子供の頃に小学1年生とかを読んでいたような気もするけれど、作っている方にこんな深い思惑があったなんて考えても見なかった。何しろ、子供だったし。それに親も何にも考えていないと思うし
それでも本を作っている方には色々と思いがあって、これを作っている。
学年誌は、男女の区別がないっていう話も、性別関係ないから色々な分野の話題を盛り込めるって話も素敵だと思った。
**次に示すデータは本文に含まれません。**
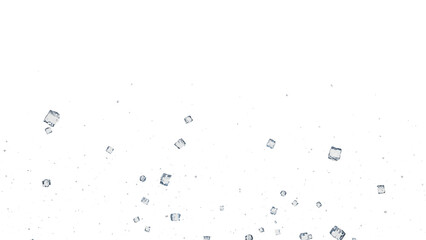 scattered ice cubes render 3D illustration on alpha channel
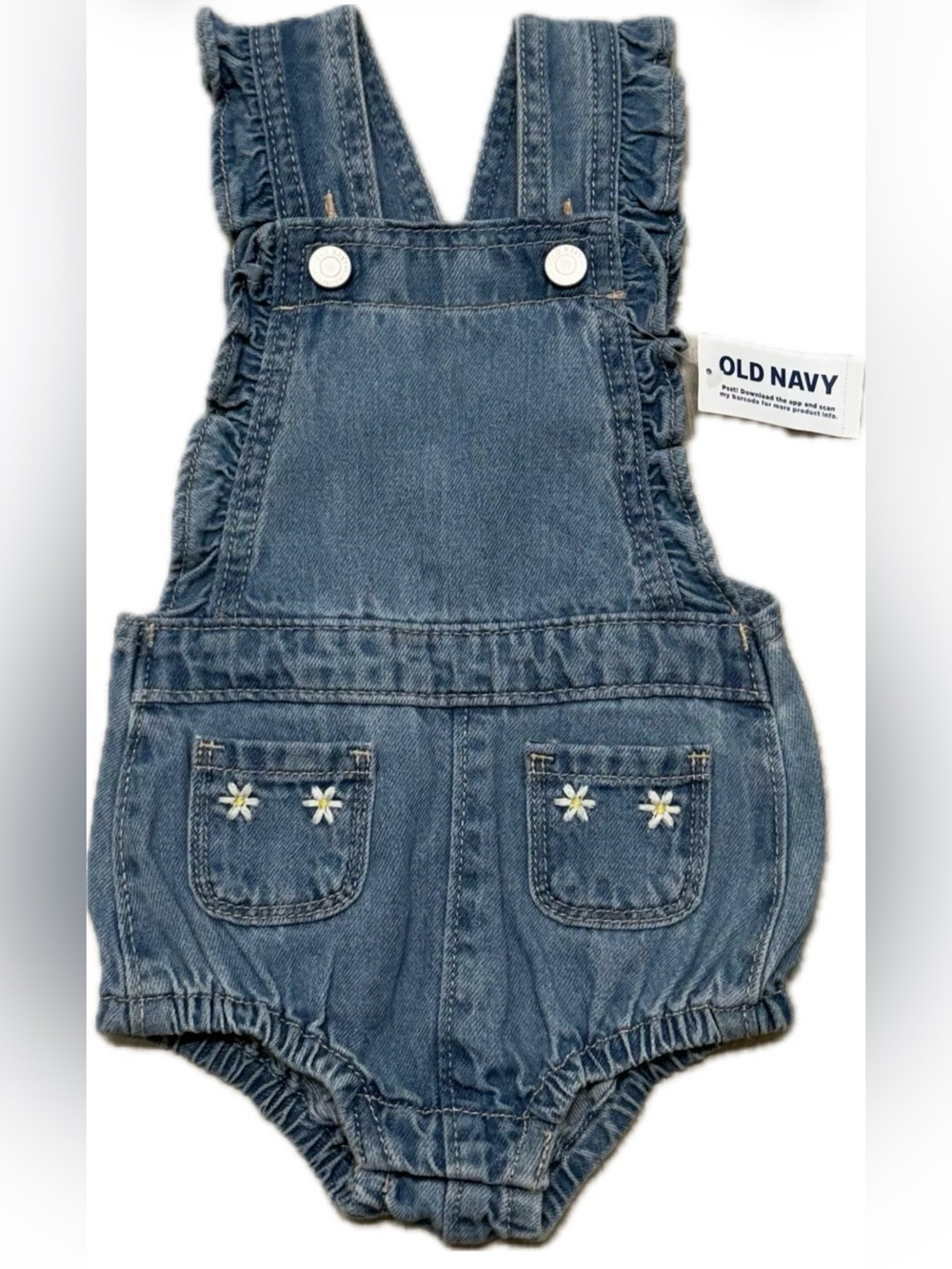 Old Navy Denim Blue Daisy Pocket Overalls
男の子だから女の子だからという区別なしに雑多な分野に触れて、自分がどこに興味を持っているかに気づくことができるのが学年誌。
公教育では色々なことを学ぶのと一緒だね。
自分には興味がないことも、他の誰かには唯一のものになるかもしれない。
だから、公教育では色々なものにちょっとずつ触れる教育が行われている。
物語は、二人の女性が軸です。
孫と祖母。そして時々祖母の娘であり、孫の母。
舞台は文林館という出版社
そこに勤めている孫と、戦時中臨時職員をしていた祖母。
コロナ禍真っ最中の令和と戦時中の昭和。
章ごとに時間が行き来する物語。
文林館の学年誌創刊百周年記念企画チームに配属された女性ファッション誌担当だった市橋明日花と学年誌『少國民のひかり』の愛読者の鮫島スエ。
なんで私がこんな企画チームに…左遷か?と怒りと悲しみとやるせなさでいっぱいだった明日花が徐々にのめり込んでいく様子も面白いし、スエの學びに対する貪欲さにも惹きつけられる。一生懸命に生きて、そして秘かにつながっていくのが。
手塚治虫先生みたいな人が出てきたりもするし、林芙美子っぽい人も出てくるし、締め切り間際編集者たちの悲喜こもごもも面白い。
祖母のスエちゃんがとてもとても魅力的な物語でした。